While ‘price stability’ and the 2-3% inflation target are the dominant objectives today, this was not always the case. It is an interesting piece of largely forgotten history that there was a vigorous debate within and outside of the RBA regarding the integrity of the second abovementioned objective: that is, full employment.
Given the historical trade-off between inflation and unemployment, the conflicting full employment ambition was seen by RBA insiders to undermine the Bank’s inflation-fighting bona-fides at a time (in the early 1990s) when the RBA was just finding its feet.

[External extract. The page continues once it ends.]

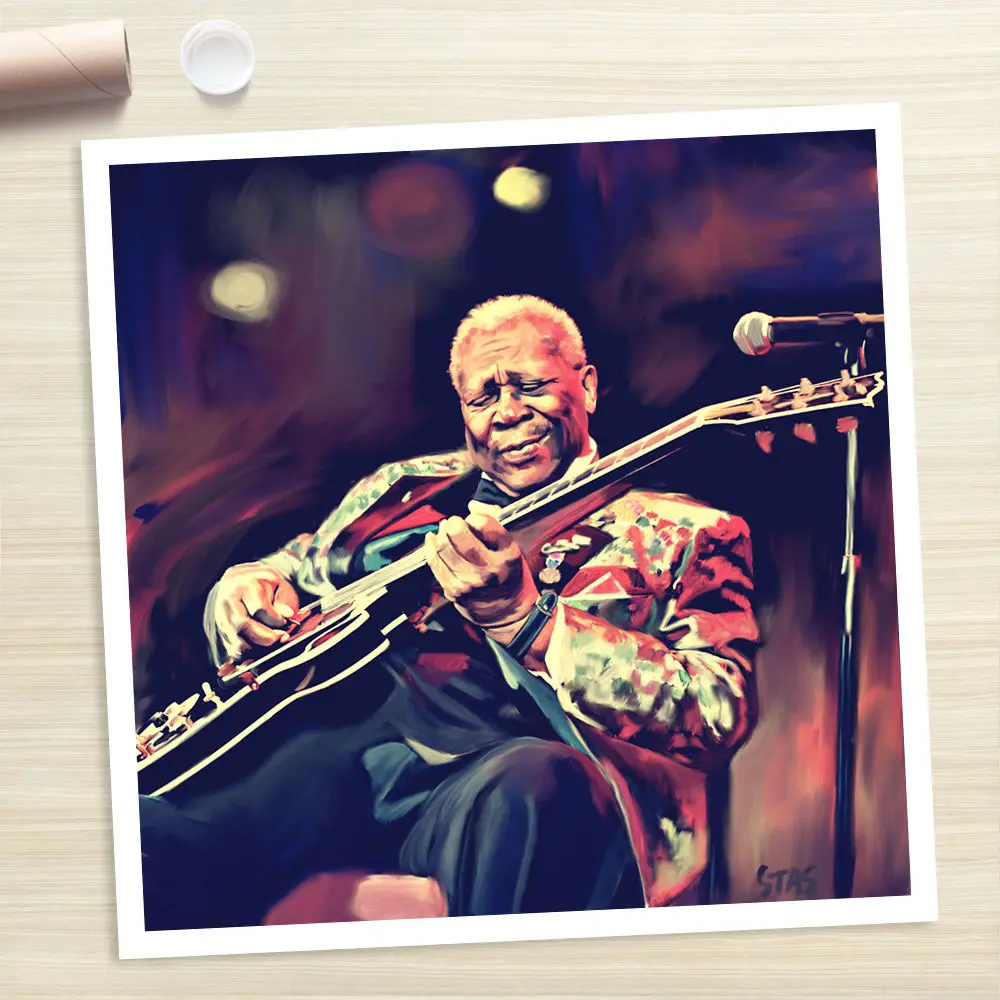 100% ручная масляная живопись работа BB KING блюз гитара реальная Доставка|Рисование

The former Secretary of the Treasury and Keating-appointed Governor of the RBA, Bernie Fraser, has revealed that he advocated a different perspective. Fraser thought that the full employment ambition provided an important constraint on those inflation zealots who might seek to raise rates in an unreasonably aggressive fashion in pursuit of cutting the CPI:
“The multiple objectives of the Reserve Bank Act help make the trade-offs [between inflation and unemployment] explicit in Australia, which is one reason why I have always championed our approach over the more fashionable, inflation only objective of many other central banks…I see the Bank’s multiple objectives as a counter to the (understandable) preoccupation of central banks with low inflation…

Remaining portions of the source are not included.